En coaching d’équipe … on arrête la télépathie

Dis-moi, Paul, pourquoi ce coaching d’équipe ?

Je connaissais le principe, mais je n’étais pas prêt à ça au départ, quand j’ai rencontré JBM Management. J’avais d’abord besoin de faire le point et d’engager mon Coaching de Dirigeant. Ce sont des habitudes courantes dans le groupe. Mon Directeur me l’a proposé, j’ai accepté. Je n’avais pas l’impression au départ d’en avoir besoin, j’ai dit « pourquoi pas ? ».

Et à quoi t’attendais-tu ?

Mon Coaching de Dirigeant m’a apporté plein de choses et les autres membres de mon CODIR (Comité de Direction) avaient les mêmes problèmes que moi : nous étions chacun comme enfermé dans notre propre registre de fonctionnement.

Nous avions des problèmes de communication énormes, surtout moi et mon Associé de départ dans cette aventure entrepreneuriale, avant l’arrivée dans le groupe que nous avons intégré. On s’entendait quand même, avant, on s’engueulait … mais avec respect ! Mais depuis un moment, on ne pouvait plus se parler, comme dans un vieux couple : chacun campant sur ses positions.

Alors pourquoi pas un coaching de binôme ?

Parce que mon Directeur souhaitait associer le CODIR dans son ensemble, pour que les autres comprennent que nous avions besoin de changer de posture, qu’ils nous poussent aussi à le faire pour rendre le quotidien plus simple dans le CODIR (ndlr : ceci illustre le principe de co-responsabilité de tous les acteurs de cette équipe). Et puis ça leur permettrait d’apprendre la même chose que nous.

J’ai beaucoup appris sur mon mode de pensée et ma façon de communiquer dans mon coaching individuel.
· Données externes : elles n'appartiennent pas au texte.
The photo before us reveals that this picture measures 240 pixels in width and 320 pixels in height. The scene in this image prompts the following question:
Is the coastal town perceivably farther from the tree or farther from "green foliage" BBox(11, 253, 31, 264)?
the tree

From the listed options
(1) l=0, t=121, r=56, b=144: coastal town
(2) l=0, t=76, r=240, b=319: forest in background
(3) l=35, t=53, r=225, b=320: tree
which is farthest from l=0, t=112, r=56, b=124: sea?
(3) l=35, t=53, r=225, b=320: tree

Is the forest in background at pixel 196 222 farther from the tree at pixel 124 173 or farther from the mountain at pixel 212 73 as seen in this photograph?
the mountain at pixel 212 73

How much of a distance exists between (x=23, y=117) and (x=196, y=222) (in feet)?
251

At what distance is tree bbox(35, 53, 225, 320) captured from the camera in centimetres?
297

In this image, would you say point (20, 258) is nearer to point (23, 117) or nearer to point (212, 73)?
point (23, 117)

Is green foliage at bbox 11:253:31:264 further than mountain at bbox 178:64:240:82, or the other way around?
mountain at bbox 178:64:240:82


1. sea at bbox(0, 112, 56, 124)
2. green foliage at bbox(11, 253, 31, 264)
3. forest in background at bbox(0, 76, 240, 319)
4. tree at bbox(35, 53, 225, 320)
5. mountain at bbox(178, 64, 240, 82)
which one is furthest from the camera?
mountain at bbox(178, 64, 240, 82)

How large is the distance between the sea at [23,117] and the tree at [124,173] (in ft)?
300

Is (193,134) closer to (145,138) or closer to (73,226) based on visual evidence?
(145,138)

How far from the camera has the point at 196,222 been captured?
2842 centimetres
J’ai pris conscience que ce mode n’était pas universel et je souhaitais qu’ils en prennent eux aussi conscience. J’en ai d’ailleurs fait la publicité autour de moi, ça a été bien conduit, ça se fait en douceur ! Ça a vraiment facilité mon coaching d’équipe. 
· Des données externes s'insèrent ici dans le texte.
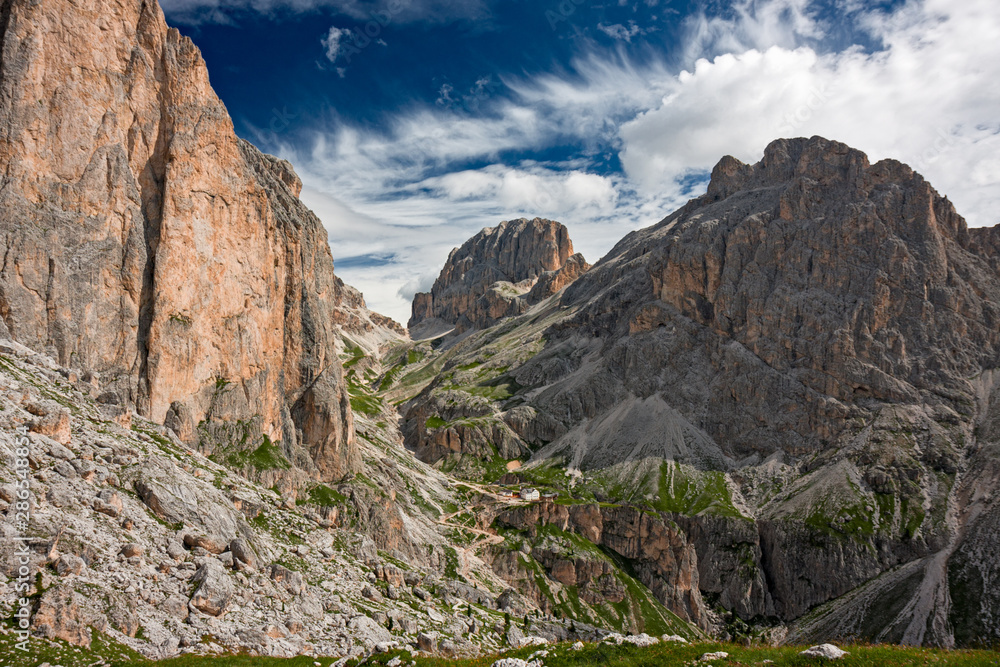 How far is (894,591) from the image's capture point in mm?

Quelles étaient tes inquiétudes avant de lancer ton coaching d’équipe ?

C’est dans la culture du groupe, mais ce n’était pas dans la culture de notre petite entreprise. Je me disais « on va s’asseoir sur un canapé et discuter ?!  C’est quoi encore ce truc ? On n’a pas besoin de psy quand même ! »

Qu’avez-vous appris dans ce coaching d’équipe ?

Le plus important, c’est de s’écouter. Nous avons appris à patienter, à laisser chacun s’exprimer jusqu’au bout, terminer sa phrase avant de commencer la nôtre. Notre force, c’est que nous sommes tous entiers, dans des registres très différents. Entre personnes atypiques, on se repousse naturellement.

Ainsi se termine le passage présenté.